川崎:今、バタリーケージがヨーロッパでは禁止になって、みんながみんな放牧になっているということではないんですか?
新村:そうですね。今おおむね4割ぐらいがエンリッチドケージで、いわゆる全部まとめてケージフリーということにしますと、6割ぐらいですね。
川崎:なるほど。ケージフリーと一口に言っても、ちょっと方式はあるわけですね。
新村:いろんな方式がありますね。放牧もそんなに多くはなくて、平飼いやエイビアリーが一番多いです。
川崎:平飼いと放牧って違うんですね。
新村:そうですね。野外運動場があるかどうか。自然環境にさらされるか・さらされないかの違いですね。
川崎:この(ケージの)在り方もけっこう多様なんですね。
新村:そうですね。多様な飼い方があるんですけれども、やはりケージにはケージのいいところがあるし、ケージフリーにはケージフリーのいいところがあります。
川崎:え? 先生、放牧最強説みたいなことをイメージしてたんですが。
新村:(笑)。確かにそうですね。
川崎:私のイメージの中では、放牧されたみたいな感じで、モクモクっと夢の中で描いていたんですけれども(笑)。スライドを見ると、放牧でもちろん青が付いています。青が良くて赤が良くないんですよね。
新村:はい、青がいいですね。赤はリスキーです。
川崎:従来型ケージでも、けっこう青があるんですね。
新村:そうなんですよ。やはりいいところもあって、例えば「不快からの自由」。空気環境を見てみますと、ケージはかなり温度コントロールができていて粉じんが少ない。
ケージフリーは砂浴び場があるので、どうしても粉じんが舞い上がってしまいますし、そこでフンもしますので、アンモニアの濃度が高くなってしまうリスクもありますね。
川崎:僕も大好きなんですけど、例えば卵かけご飯(TKG)がありますよね。卵かけご飯のためのタレとかも出るぐらい、日本にはカルチャーがあると思うんです。極めて高い衛生観念や、高度な管理をされていると聞いたことがあるんですけど。それとこの飼い方はリンクしてくる話なんですか?
新村:まさに今言った空気環境ですとか。やはりケージはかなり精密に飼いやすいところがありますので、安全安心な卵を量産することができます。そういった生産のやりやすさと、日本は卵を食べている量が世界第2位ぐらいですので。
川崎:そんなに食べている国民なんですね。
新村:そうですね。なおかつ、日本の生産者のすばらしいところは、非常に洗練されたケージの飼い方で、卵もたくさん取れるんだけど、もちろん安全で安心な品質の高い卵を安価に作って消費者に届けているところです。そういった飼い方にリンクしてくるところの1つはケージかなと思いますね。

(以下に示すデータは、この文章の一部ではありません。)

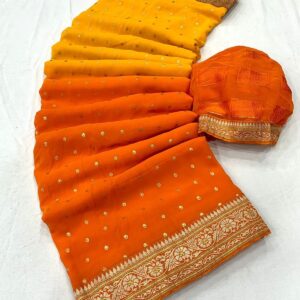 Two Tone Heavy Georgette Fabric All Over Saree 60295
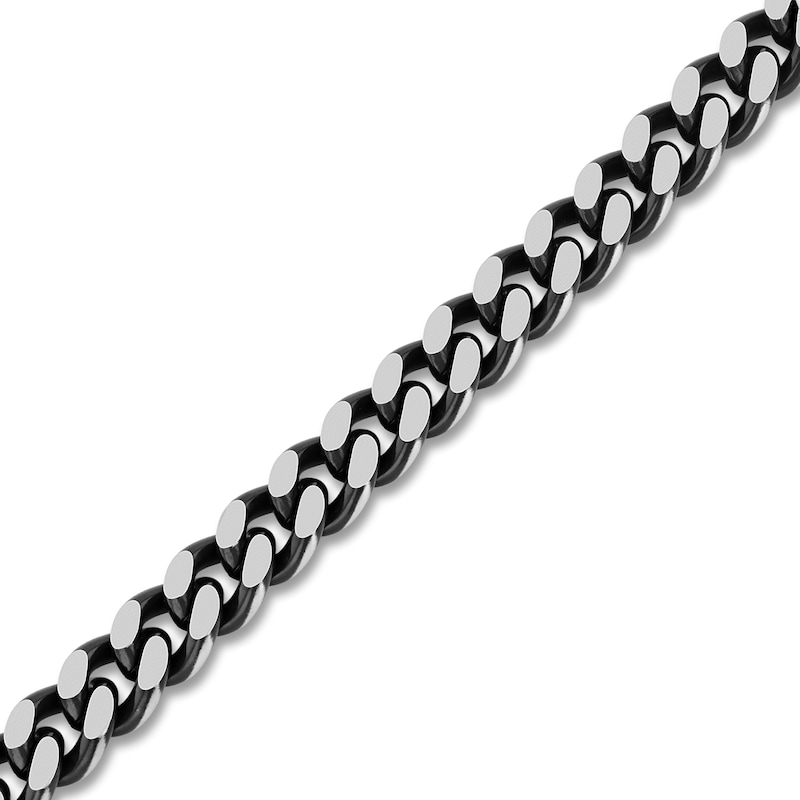 Main Image 2 of Men's Curb Chain Bracelet 10.5mm Black Ion-Plated Stainless Steel 8.5"
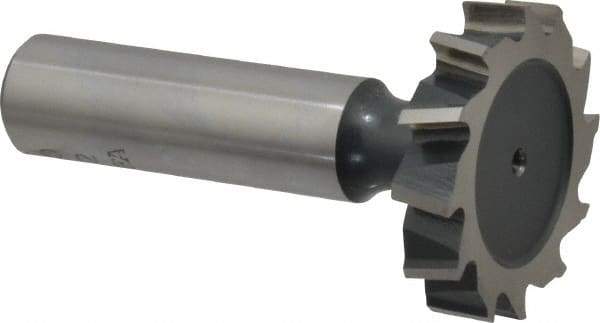 Interstate - 1-1/4" Diam x 1/4" Face Width, Cobalt, 14 Teeth, Shank Connection Woodruff Keyseat Cutter - Uncoated, 2-1/4" OAL x 1/2" Shank, Staggered Teeth, ANSI 810, Old Standard 21 - Benchmark Tooling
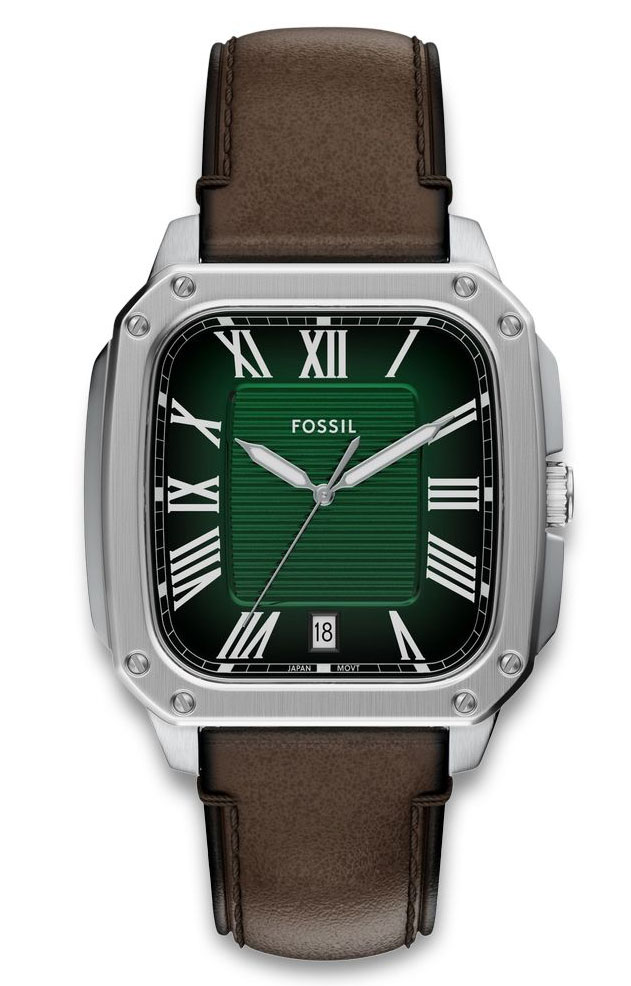 Fossil Crosby FS6150 - Quartz - Silver - Herrklocka - Läder - Härdat mineralglas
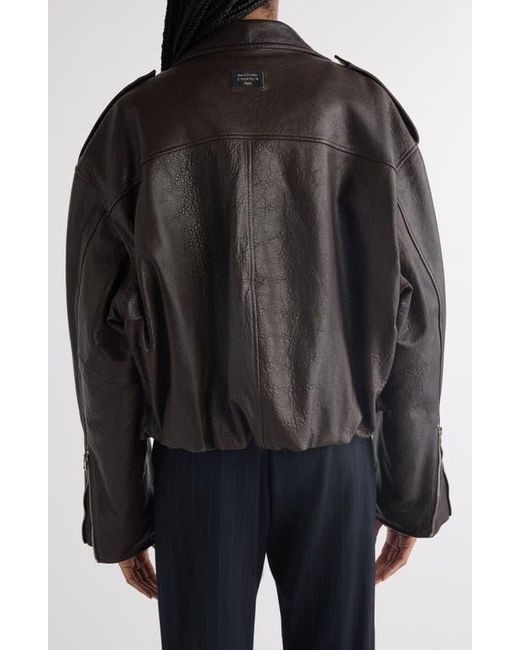 Acne Black Liso Leather Crop Moto Jacket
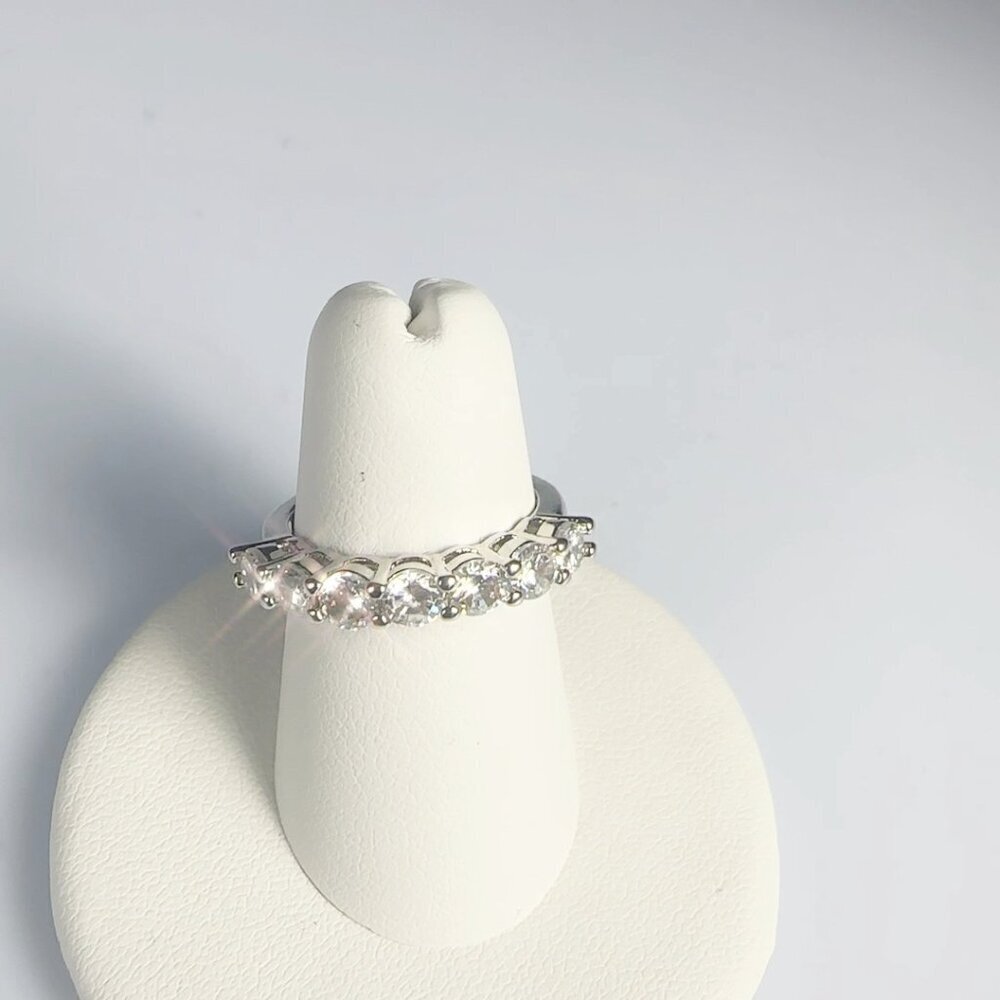 Cubic Zirconia Silver Tone Band Ring Size 7 - Picture 8 of 14
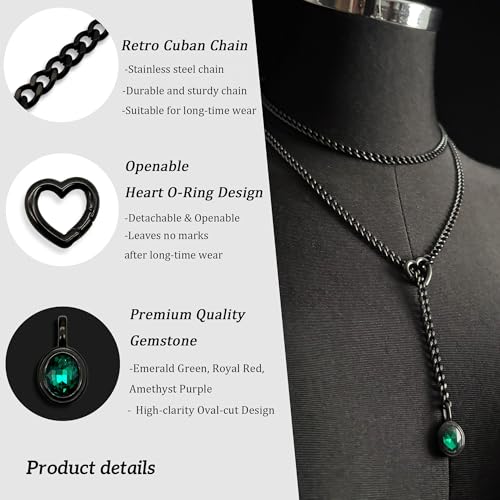 Heart Slip Chain Necklace for Women, 39 Inch Cuban Chain, Removable Heart O-Ring, Crystal Pendant, Adjustable Stainless Steel Y-Necklace - color: Black-Green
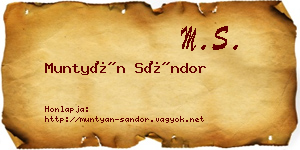 Muntyán Sándor névjegykártya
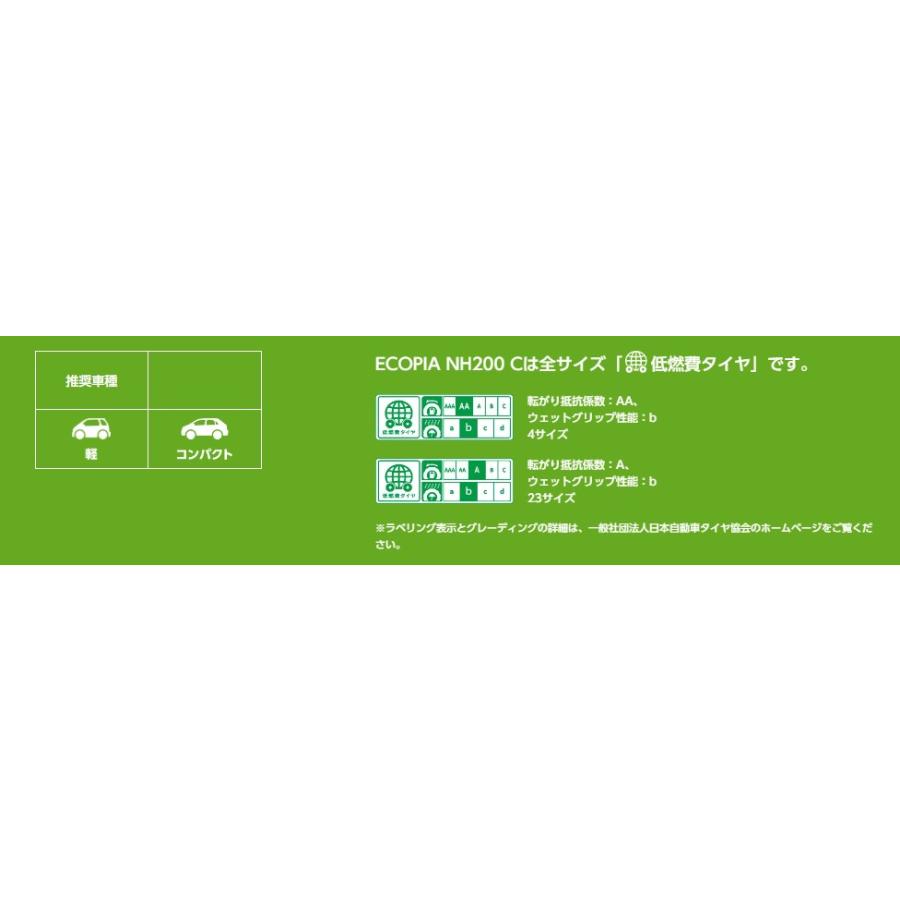 ブリヂストン 155/65R14 ECOPIA NH200C 2023年製造 新品タイヤ4本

川崎:例えば、僕らのおじいちゃん世代なんかが、ちょっと伏せっている時に生卵が出てくると、「ああ、もう自分は死ぬんだ」と(笑)。こんなに栄養のある貴重なものが出てくるくらい、自分はヤバいんだみたいな。
今となってはそういう笑い話がありますが、卵は今では非常に安価かつ、いろいろな人の口に届く、重要なタンパク源になっていると思います。こういう飼い方のスタイルは、やはり「経済性」ともかなりリンクしちゃうんですか?
新村:例えば高度な福祉を実現するのがケージフリーだとした場合に、1つの空間で放し飼いにするんですけども、行動の自由がある分、どうしても活動量がすごく高くなってしまう。
同じ餌を食べても、出てくる卵の量はケージフリーのほうが減ってしまいます。卵がたくさん取れないので、どうしてもケージフリーの卵は高くなってしまうというデメリットはあるかなと思います。
どのぐらい高いかというところで、ヨーロッパのデータとしては、ケージの値段が1パック100円ぐらいだったとすると、平飼いの卵の価格は1パックだいたい113円ぐらいの価格差になっています。
もちろん管理の洗練というところはあるんですけれども、日本ですと1パック100円だったケージの卵が、今度は2倍ぐらいになってしまう。そのあたりが、どうしてもケージフリーに移行する時に、避けられないことかなとは思いますね。
川崎:やはり小売の価格にも、そこが反映しちゃうということなんですね。
新村:そうですね。
川崎:これ、すごくちゃぶ台を返すような話で、もしかしたらすみませんということなんですけれども。最後は屠畜(とちく)してしまうと思うんですね。卵以外で鶏肉という意味でもそうですし、他の動物もそうだと思うんですが。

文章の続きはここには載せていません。